Julie Ng

Registering for VAT MOSS in Germany

5 min

Unless you’ve sleeping under a rock for the past 9 months, you’ve probably heard of VAT MOSS. In a nutshell, since 1 January 2015 digital products including SaaS are subject to the country VAT rate of the buyer not the seller – a bureaucratic and technical can of worms1.

For example, my Antwort Email Signature Generator previously charged the German 19% VAT rate to EU customers without a valid VAT Id. Calculating the proper tax rate based on location is a straightforward developer’s task. The bureaucracy attached to it, however, is not.

Use a payment provider; Skip VAT MOSS altogether?

Initially, I tried to minimize my efforts by using a payment provider like Paddle, which would handle the VAT for me. But:

  • The paddle backend was confusing for my use case: each signature is a custom generated product. I also didn’t need most of Paddle’s features. I missed Stripe’s easier API.

  • Difficult to test because there are only production keys. I was not keen on entering a real credit card and then doing a chargeback.

  • Price seemed unclear to me, as a user. Potentially you see a USD price on my website, a modal opens and you see a EUR price, which then changes again after you enter your billing country. The total price includes VAT. But as a user, I would want to understand how much of that was VAT, for example:

    Antwort's VAT breakdown
    Antwort’s Price Breakdown at Checkout

To their credit, the Paddle team was really great and did a lot of the setup for me. But I went back to Stripe so I could better control the user experience.

Changes to the Software

I found that the GOV.UK website provides the best explanation a seller’s obligation and the pieces of “evidence” required for calculating VAT rates.
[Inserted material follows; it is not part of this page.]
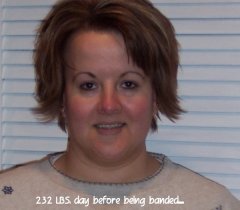 Pre-op picture my heaviest weight of 232 LBS.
I refactored my code to meet these requirements - easy. Now onto the hard part: bureaucracy, for which I now I had to turn to the German Tax authorities, whose websites are the exact opposite of the lovely GOV.UK.

Registration - how??

Note: this is just my story and may not apply to you. In my case, I separated my freelance work from any digital sales by creating a small UG (equivalent of UK Ltd. or U.S. LLC), which already had at valid VAT Id.

Accountant? No.

Last Autumn, I asked my tax advisor about VAT MOSS and if he could handle that for me. They could handle the quarterly VAT returns. But the problem was registration. The Federal Central Tax Office (Bundeszentralamt für Steuern) online portal used to file returns did not yet offer an option for accountants to complete the registration on behalf of clients. Ok, so I would have to do this part myself.

Online registration

My accountant gave me a link to the Bundeszentralamt für Steuern (BZSt) website, which said registration must be completed through the BZStOnline-Portal.

BZStOnline-Portal

To access the portal, I needed a login. I started the online registration process but couldn’t get past page 2 or 3 because I did not have a BZSt number. I emailed and called the BZSt office to try to get a number. I explained each time I was trying to do VAT MOSS registration. It’s possible I misunderstood the bureaucrats. But ultimately this was the wrong way to do VAT MOSS registration.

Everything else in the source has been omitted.